The new school year will begin with high stakes for Charles O. Dewey, a Sunset Park middle school trying to attract more white and middle-class families in a district-wide effort to better integrate schools. Staff and students will face that challenge without long-time principal Eric Sackler.
After about 14 years leading the school, Sackler is retiring, the education department announced. Amanda Bueno, a math and dual language expert for Brooklyn schools, will serve as interim acting principal, effective two days before students start class.
The school will be rebranded as a “School for Diplomacy and International Cooperation,” with a new French program and plans to add a dual language Mandarin class next year, the education department also announced. Language programs have been seen as a tool to attract more diverse families.
Dewey has long served mostly students who have previously struggled in school, likely a byproduct of an admissions system that has allowed schools to set competitive admissions standards. This year, however, the district eliminated the use of screens and instituted a lottery in a bid to better integrate schools.
To try to convince more white and middle-class families to enroll, Sackler made personal phone calls and showed up to parent meetings in the district’s elementary schools, the Wall Street Journal reported.
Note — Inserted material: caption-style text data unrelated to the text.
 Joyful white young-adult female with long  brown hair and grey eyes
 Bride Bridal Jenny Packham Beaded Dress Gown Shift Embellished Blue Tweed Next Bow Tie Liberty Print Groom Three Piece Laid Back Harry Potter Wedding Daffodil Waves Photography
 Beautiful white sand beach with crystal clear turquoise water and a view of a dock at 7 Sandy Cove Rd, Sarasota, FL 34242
Still, about 50 families appealed their placement in the school, leaving the impact of the district’s integration efforts uncertain.
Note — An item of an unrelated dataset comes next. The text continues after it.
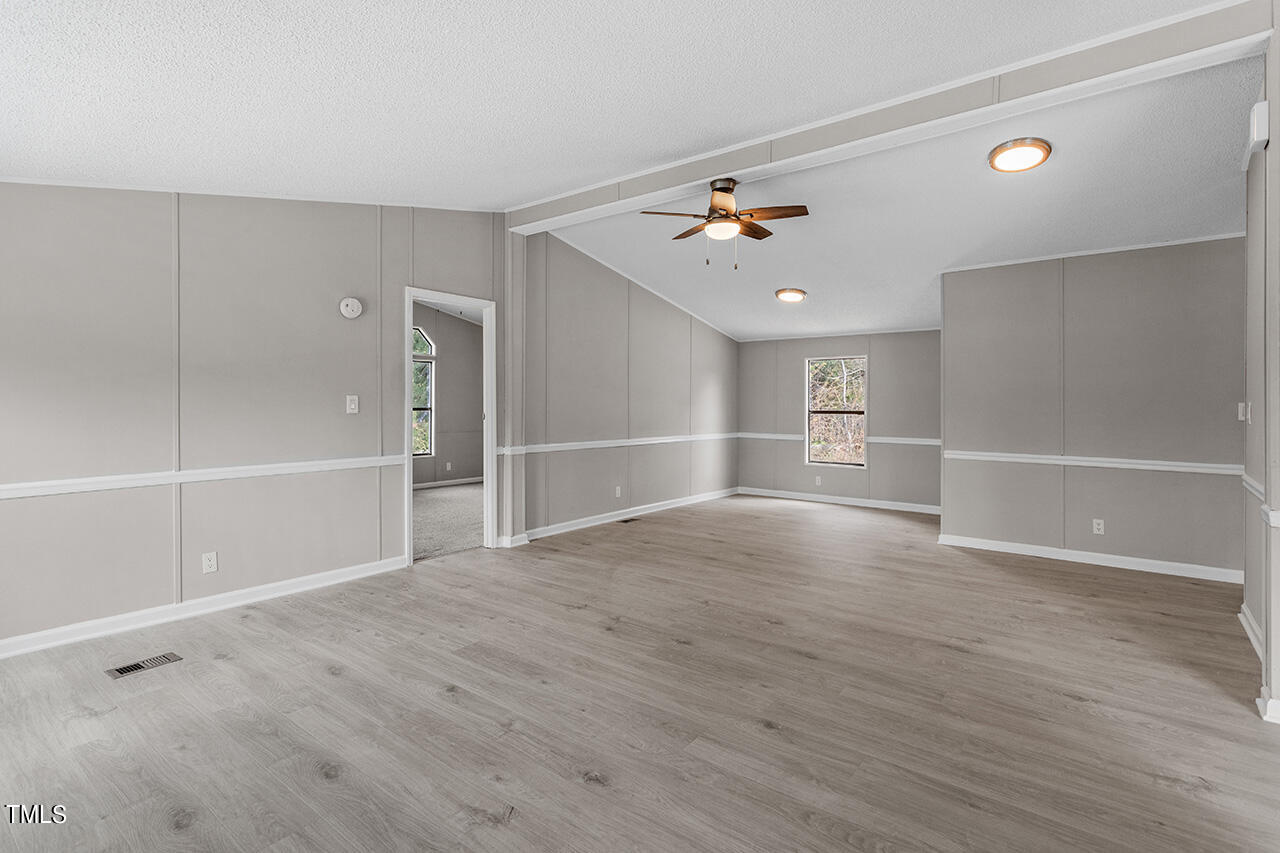 858 Foster Road Henderson, NC 27537 - Photo 16 of 38 a view of empty room with wooden floor and fan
In a letter to parents, Sackler does not explain his reason for leaving.
“It is with mixed emotions and a deep sense of sadness that I formally announce my retirement,” he wrote. “I am positive that our school and its students will continue to grow and thrive, and this is due in no small measure to our united efforts.”
Bueno said she expects the transition to be “seamless,” as she has already been working alongside her predecessor this summer. As the school and the district make integration a goal, she said she hopes that Dewey will be able to attract a diversity of parents to its PTA and leadership teams, to “help spread the word about everything great that’s happening.”
“I’ve been thinking a lot about engaging families in a way that all voices feel heard and feel valued, and that some voices don’t overpower others,” she said.
The education department said families will have opportunities to meet with Bueno when the new year starts. The formal process to find a permanent replacement will begin this fall, officials said.